** Problem statement **
Please copy only the material from the line that has "Silla Plegable Metalica" to the very last line, both ends included, exactly as written and without pictures.

----- Material provided -----

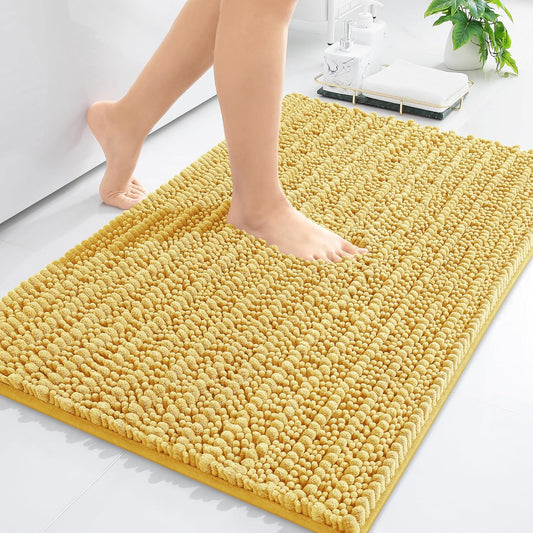 Arotive Luxury Chenille Bathroom Rug Mat, Extra Soft Thick Absorbent Shaggy Bath Rugs, Non-Slip Machine Wash Dry, Plush Bath Mats for Bathroom, Shower and Tub, 30x17, Yellow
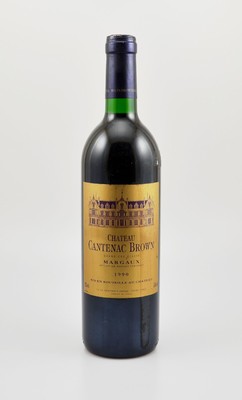 1 Flasche 1990 Chateau Cantenac Brown, Margaux, Grand Cru Classe, ca. 75 cl, 13 % Vol., Füllstand: ca. into neck, Etikett l. beschmutzt, ...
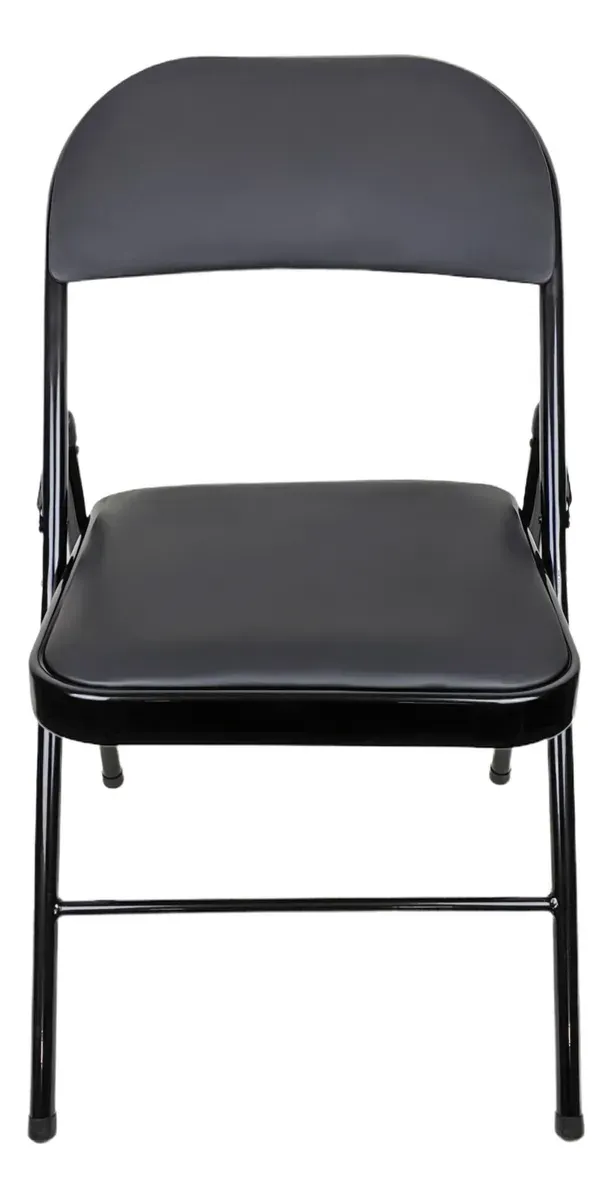 Silla Plegable Metalica Resistente Con Asiento Y Respaldo-1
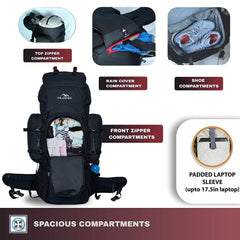 Wildwing 95L (80+15)  Bag for Hiking & Travel with Shoe Compartment & Water-Resistant-Black (Clearance Sale)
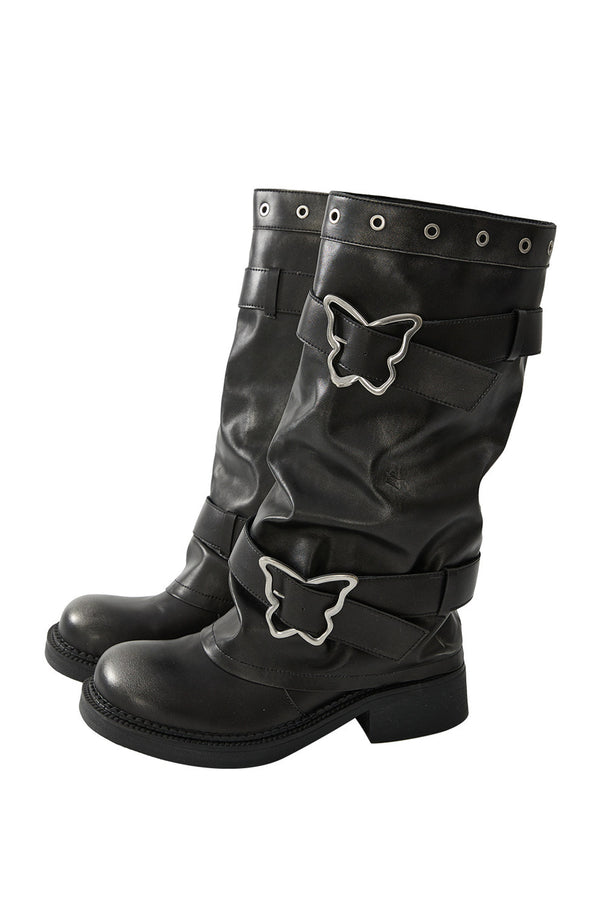 Distressed Butterfly Buckle Boots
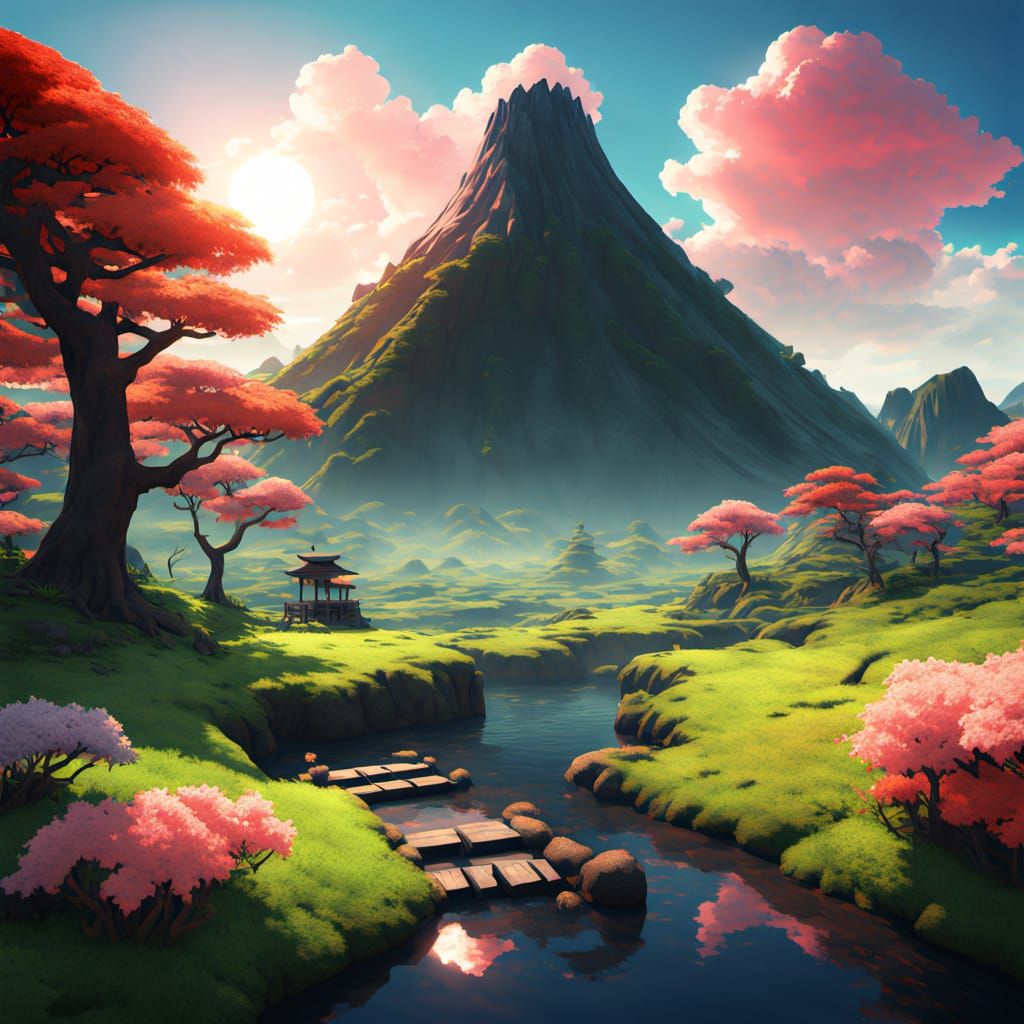 Mario Amidst a Tropical Volcanic Sunset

-----

** Completed task **
 Silla Plegable Metalica Resistente Con Asiento Y Respaldo-1
 Wildwing 95L (80+15)  Bag for Hiking & Travel with Shoe Compartment & Water-Resistant-Black (Clearance Sale)
 Distressed Butterfly Buckle Boots
 Mario Amidst a Tropical Volcanic Sunset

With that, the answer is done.